### Task:
Please print the entries exactly, omitting each image.

### Given records:
● ● ● ●
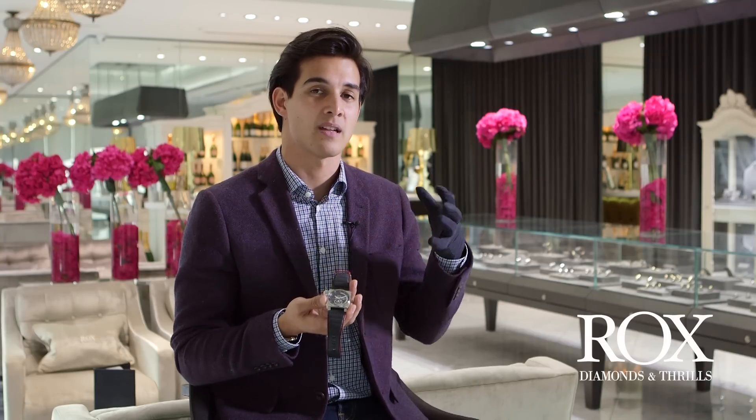Today I've got a Bell & Ross B-Rocket. I'm not sure if any of you have seen this before. It's quite an interesting piece as it's part of the BR3 range, but this is a special limited edition range that they've done with Harley Davidson.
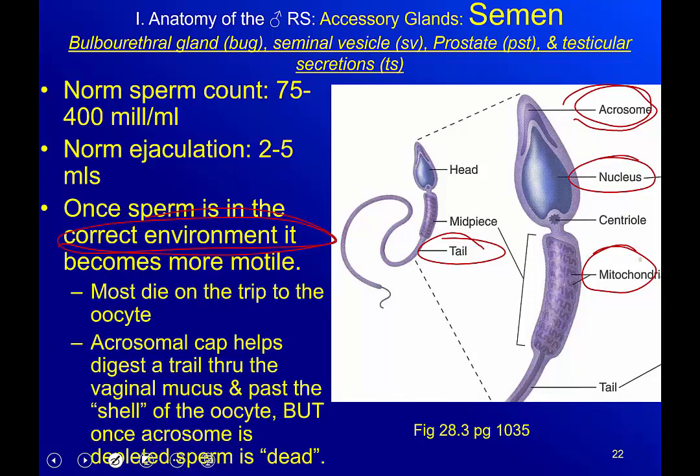Once the sperm has been ejaculated and is in the female's reproductive system and the correct environment, it becomes much more motile — it starts swimming a lot more. Most of them actually die on the trip to the oocyte. Entering the vagina, sperm must go through the cervix, into the uterus, and up the fallopian tube to fertilize the secondary oocyte. It has to burrow through the vaginal mucus, and once it reaches the oocyte it has to penetrate the outer shell of that oocyte.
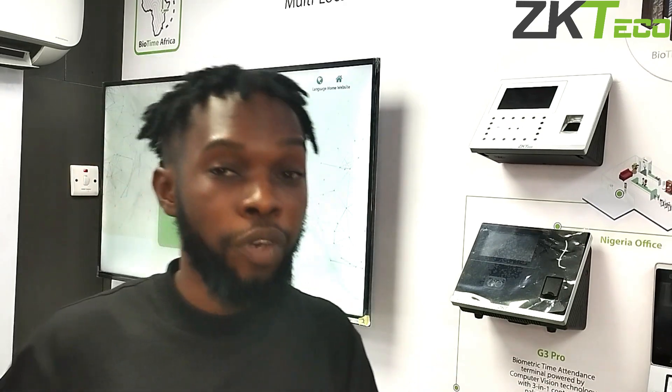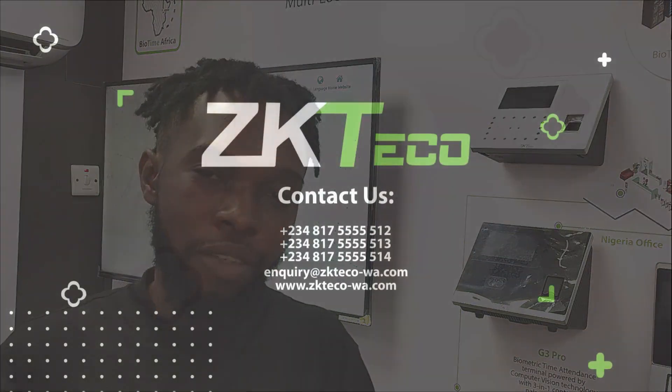This device is compatible with Biotime 8.0 and Biotime NG, our cloud solution time and attendance software. Why don't you get the Zeke Tekko G3 Pro today? Thank you.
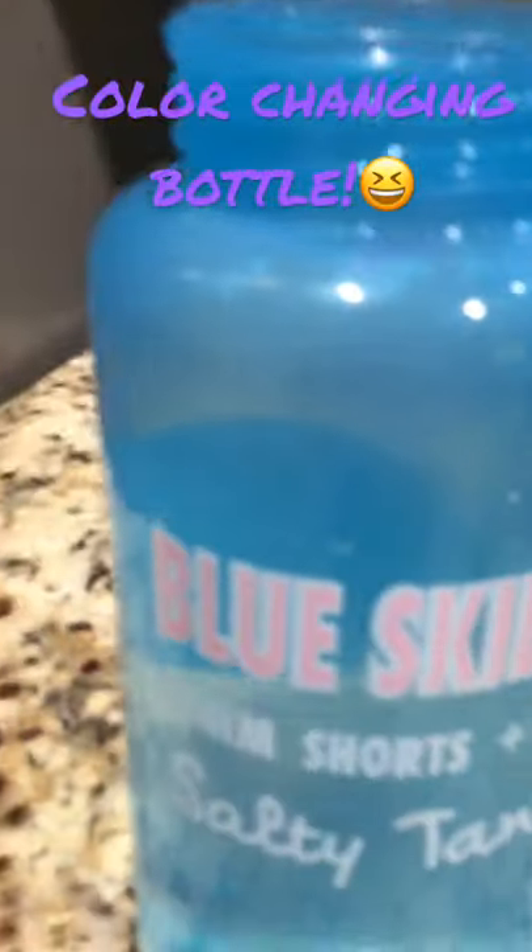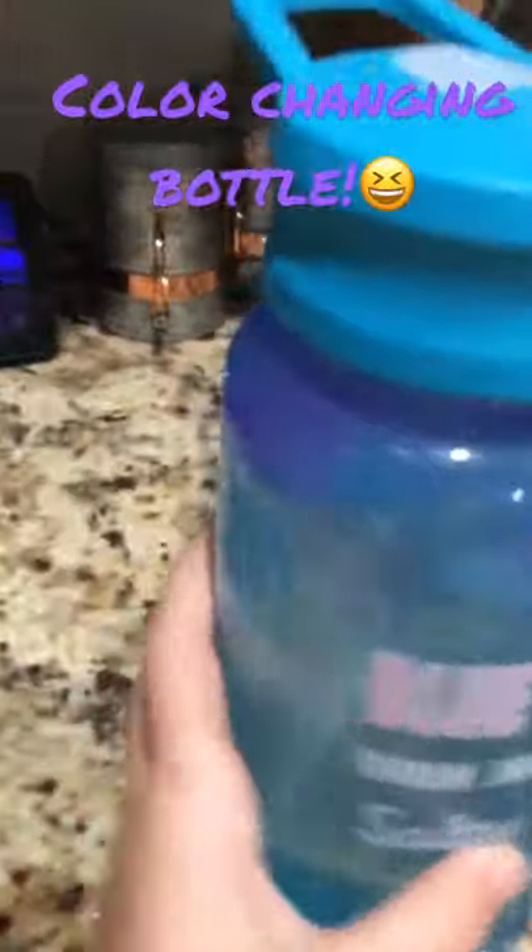I put some ice in it and it turned a little bit purple. Let's see what happens if we add more ice. I added more ice and it started turning more purple.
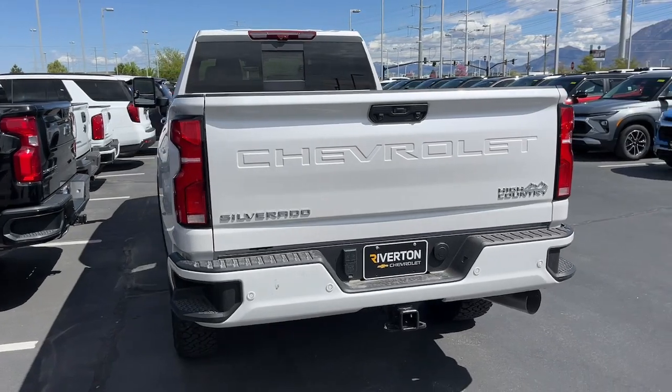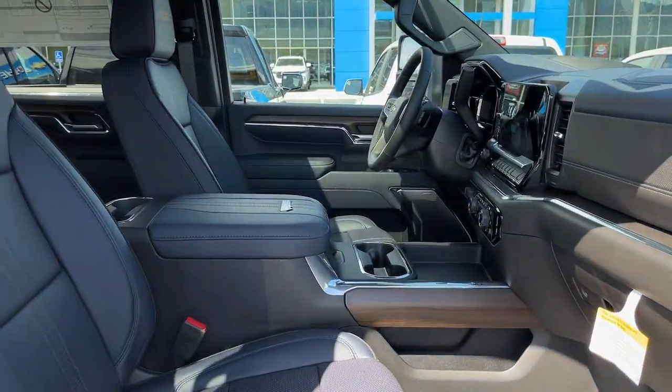Control the job without sacrificing comfort or connectivity. Get into the all-new Silverado.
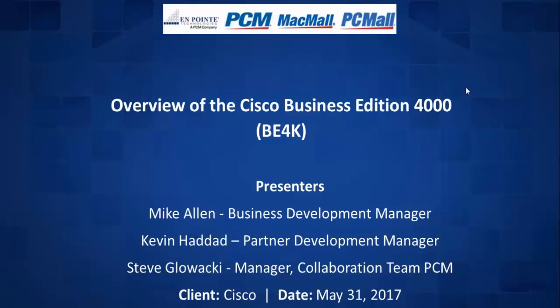Good morning, good afternoon everyone, welcome to On-Point Technologies, PCM, and Mac Mall webinar Wednesday. We are thrilled to have you with us for Cisco's webinar, which will be an overview of Cisco Business Edition 4000. To present this topic, we have Mike Allen, Business Development Manager from Cisco, Kevin Haddad, Partner Development Manager, and Steve Glocky, Manager from the Collaboration Team of PCM.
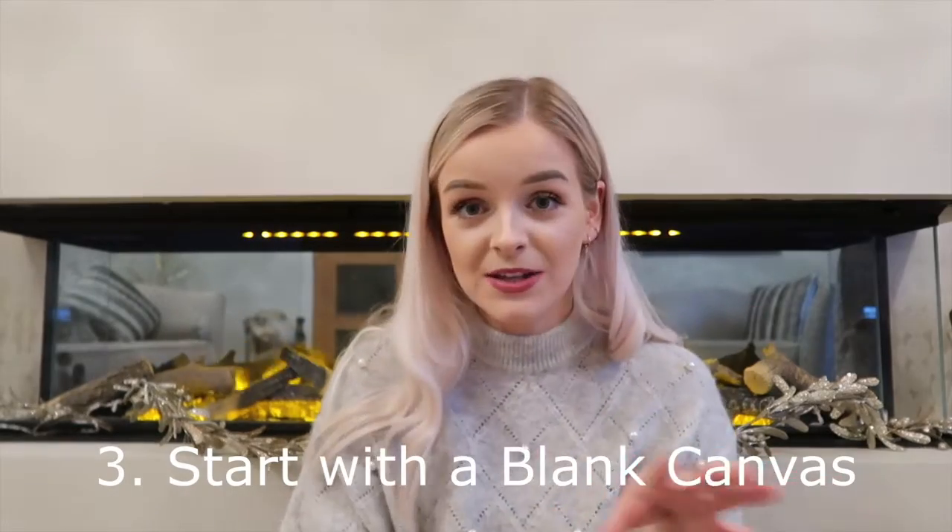Number three: start with a blank canvas. If you are buying a new build, that's great — you've got your blank canvas. White walls give you a clear vision of what you're trying to achieve. My home had blue walls and red curtains; the first thing I did was rip it all out and paint it white. Then you can see the shape of the room more clearly — rooms look bigger and you can start to envision the house taking shape.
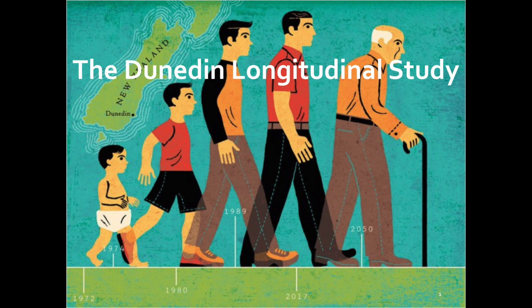Specifically, we wanted to take a few minutes to show you how we're taking the Dunedin study in new directions, from a study of child development to a study of aging. Actually, if the truth be told, it's the study members who are taking us in this new direction.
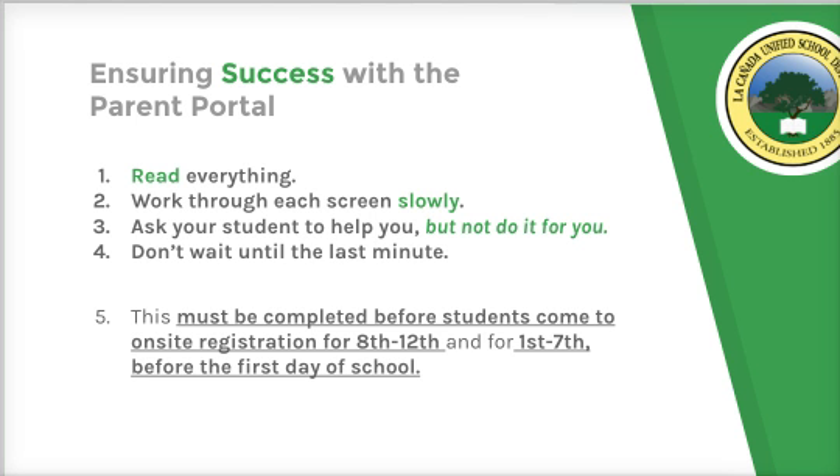If you go slow and read what's being asked of you, you'll be fine. Students in 7th through 12th grade will still participate in on-site registration and orientation. They must bring the printed and signed emergency card after you complete the data confirmation process. If you cannot print at home, you can come to the high school and either complete the process or just log in and print.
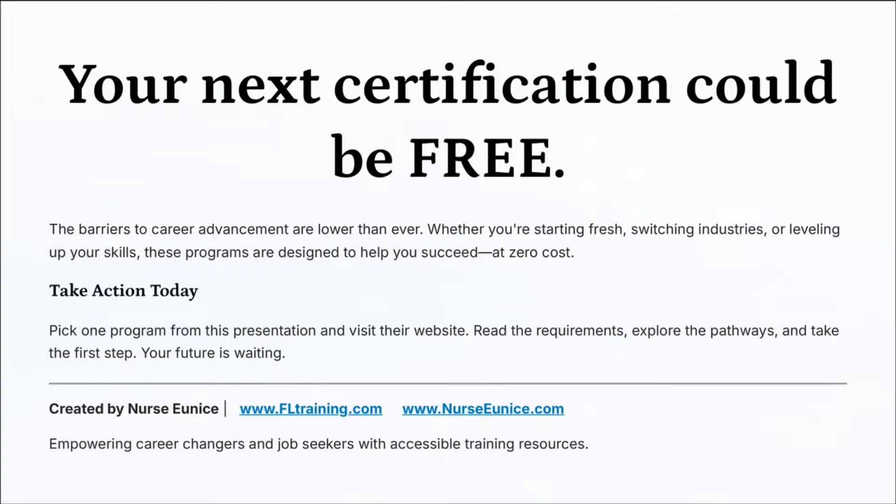Your next certification could be free. The barriers to career advancement are lower than ever. Whether you're starting fresh, switching industries, or leveling up your skills, these programs are designed to help you succeed at zero cost. Take action today — pick one program from this presentation, visit their website, read the requirements, explore the pathways, and take the first step.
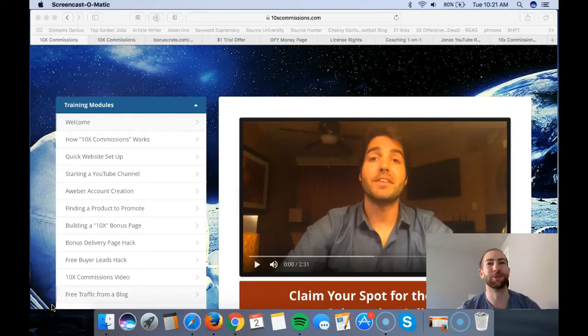Hey, it's Jonas. Welcome to my 10x Commissions review. I'll show you the members area, the upsells, how much they cost, what they are, and on top of that I've got a really cool bonus for you that I've only ever given away once before. This is going to be the last time I give it away because after this it's going to be a paid course.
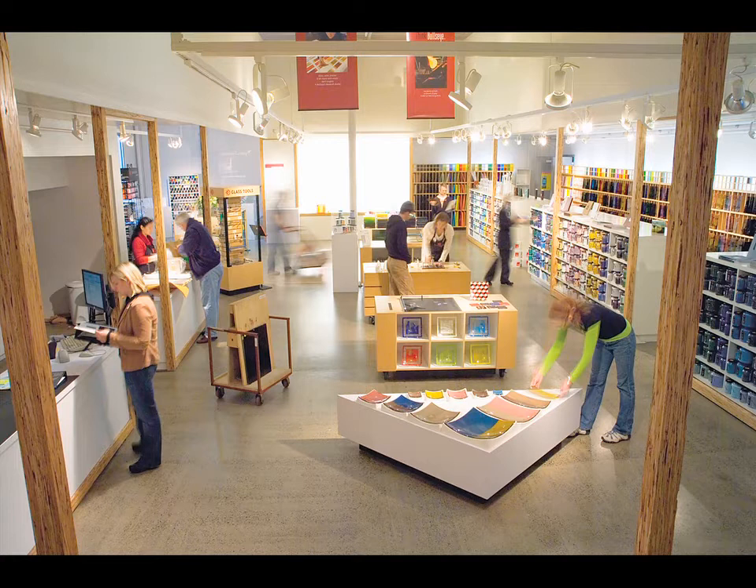It's also a series of resource centers. There's one in Santa Fe, one in the Bay Area in Emeryville, and one next to the factory. This is a place where one can come and purchase materials and equipment, as well as take workshops learning how to make some of these things, and attend lectures.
● ● ● ●
### Finished exercise:
Today I've got a Bell & Ross B-Rocket. I'm not sure if any of you have seen this before. It's quite an interesting piece as it's part of the BR3 range, but this is a special limited edition range that they've done with Harley Davidson.
Once the sperm has been ejaculated and is in the female's reproductive system and the correct environment, it becomes much more motile — it starts swimming a lot more. Most of them actually die on the trip to the oocyte. Entering the vagina, sperm must go through the cervix, into the uterus, and up the fallopian tube to fertilize the secondary oocyte. It has to burrow through the vaginal mucus, and once it reaches the oocyte it has to penetrate the outer shell of that oocyte.
This device is compatible with Biotime 8.0 and Biotime NG, our cloud solution time and attendance software. Why don't you get the Zeke Tekko G3 Pro today? Thank you.
I put some ice in it and it turned a little bit purple. Let's see what happens if we add more ice. I added more ice and it started turning more purple.
Control the job without sacrificing comfort or connectivity. Get into the all-new Silverado.
Good morning, good afternoon everyone, welcome to On-Point Technologies, PCM, and Mac Mall webinar Wednesday. We are thrilled to have you with us for Cisco's webinar, which will be an overview of Cisco Business Edition 4000. To present this topic, we have Mike Allen, Business Development Manager from Cisco, Kevin Haddad, Partner Development Manager, and Steve Glocky, Manager from the Collaboration Team of PCM.
Number three: start with a blank canvas. If you are buying a new build, that's great — you've got your blank canvas. White walls give you a clear vision of what you're trying to achieve. My home had blue walls and red curtains; the first thing I did was rip it all out and paint it white. Then you can see the shape of the room more clearly — rooms look bigger and you can start to envision the house taking shape.
Specifically, we wanted to take a few minutes to show you how we're taking the Dunedin study in new directions, from a study of child development to a study of aging. Actually, if the truth be told, it's the study members who are taking us in this new direction.
If you go slow and read what's being asked of you, you'll be fine. Students in 7th through 12th grade will still participate in on-site registration and orientation. They must bring the printed and signed emergency card after you complete the data confirmation process. If you cannot print at home, you can come to the high school and either complete the process or just log in and print.
Your next certification could be free. The barriers to career advancement are lower than ever. Whether you're starting fresh, switching industries, or leveling up your skills, these programs are designed to help you succeed at zero cost. Take action today — pick one program from this presentation, visit their website, read the requirements, explore the pathways, and take the first step.
Hey, it's Jonas. Welcome to my 10x Commissions review. I'll show you the members area, the upsells, how much they cost, what they are, and on top of that I've got a really cool bonus for you that I've only ever given away once before. This is going to be the last time I give it away because after this it's going to be a paid course.
It's also a series of resource centers. There's one in Santa Fe, one in the Bay Area in Emeryville, and one next to the factory. This is a place where one can come and purchase materials and equipment, as well as take workshops learning how to make some of these things, and attend lectures.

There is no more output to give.